Type: SwitchParameter
Parameter Sets: (All)
Aliases: cf
Required: False
Position: Named
Default value: False
Accept pipeline input: False
Accept wildcard characters: False
-DisableWildcardHandling
Deze parameter behandelt jokertekens als letterlijke tekenwaarden. U kunt deze niet combineren met ForceWildcardHandling.
Type: SwitchParameter
Parameter Sets: (All)
Aliases:
Required: False
Position: Named
Default value: None
Accept pipeline input: False
Accept wildcard characters: False
-Force
Dwingt de opdracht uit te voeren zonder te vragen om bevestiging van de gebruiker.
Type: SwitchParameter
Parameter Sets: (All)
Aliases:
Required: False
Position: Named
Default value: None
Accept pipeline input: False
Accept wildcard characters: False
-ForceWildcardHandling
Deze parameter verwerkt jokertekens en kan leiden tot onverwacht gedrag (niet aanbevolen).
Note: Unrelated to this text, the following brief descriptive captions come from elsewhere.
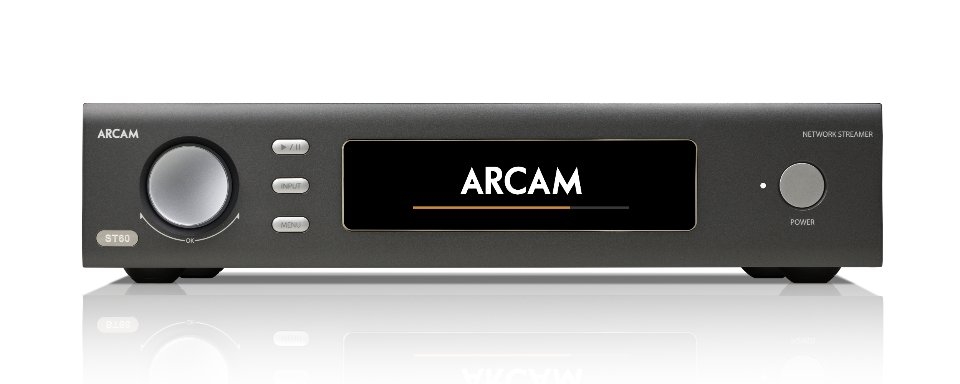 ARCAM Network Streamer ST60 User Manual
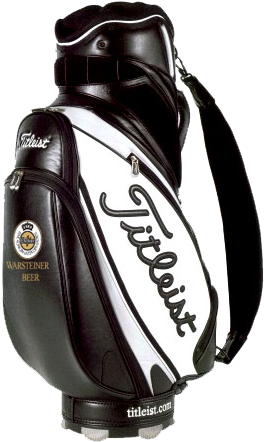 Custom Titleist Cart Bag - Titleist Midsize Golf Bag (282x444), Png Download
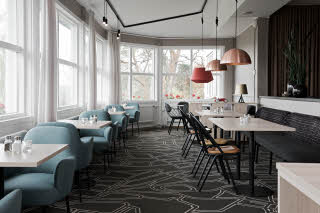 Scandic Norrköping Nord, restaruant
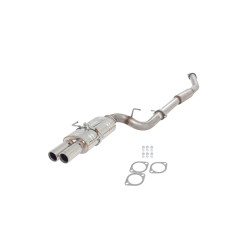 XForce 3" Systém Cat-Back pro NISSAN 200SX 2000-2002 S15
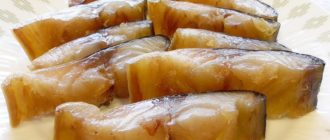 Балык из скумбрии. Купить такую скумбрию в магазине невозможно 8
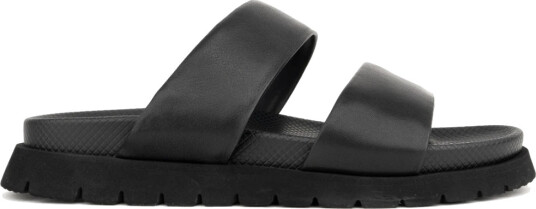Sergio Moretti Herre Sko Svart 44 EU,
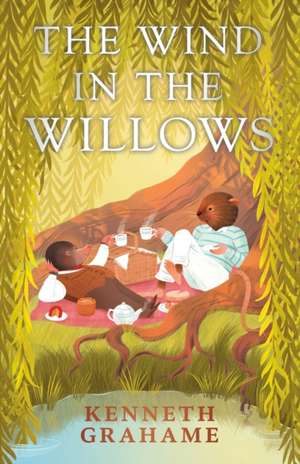 The Wind in the Willows de Kenneth Grahame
U kunt deze niet combineren met DisableWildcardHandling.
Type: SwitchParameter
Parameter Sets: (All)
Aliases:
Required: False
Position: Named
Default value: None
Accept pipeline input: False
Accept wildcard characters: False
-Id
Hiermee geeft u de id van een gebruiker met beheerders beheerdersaccount.
Type: String
Parameter Sets: SearchByIdMandatory
Aliases: AdminId
Required: True
Position: Named
Default value: None
Accept pipeline input: False
Accept wildcard characters: False
-InputObject
Hiermee geeft u een gebruikersobject met beheerders beheerdersaccount. Gebruik de cmdlet Get-CMAdministrativeUser om een gebruikersobject met beheerders beheerdersaccounts te verkrijgen.
Type: IResultObject
Parameter Sets: SearchByValueMandatory
Aliases:
Required: True
Position: Named
Default value: None
Accept pipeline input: True (ByValue)
Accept wildcard characters: False
-Name
Hiermee geeft u een matrix met gebruikersnamen met beheerdersaccounts op in de indeling <domain> \ <user> .
Type: String
Parameter Sets: SearchByName
Aliases: DisplayName, LogonName, UserName
Required: True
Position: Named
Default value: None
Accept pipeline input: False
Accept wildcard characters: True
-WhatIf
Hiermee wordt weergegeven wat er zou gebeuren als u de cmdlet uitvoert. De cmdlet wordt niet uitgevoerd.
Type: SwitchParameter
Parameter Sets: (All)
Aliases: wi
Required: False
Position: Named
Default value: False
Accept pipeline input: False
Accept wildcard characters: False
CommonParameters
Deze cmdlet biedt ondersteuning voor de meest gebruikte parameters: -Debug, - ErrorAction, - ErrorVariable, - InformationAction, -InformationVariable, - OutVariable,-OutBuffer, - PipelineVariable - Verbose, - WarningAction en -WarningVariable. Zie voor meer informatie about_CommonParameters.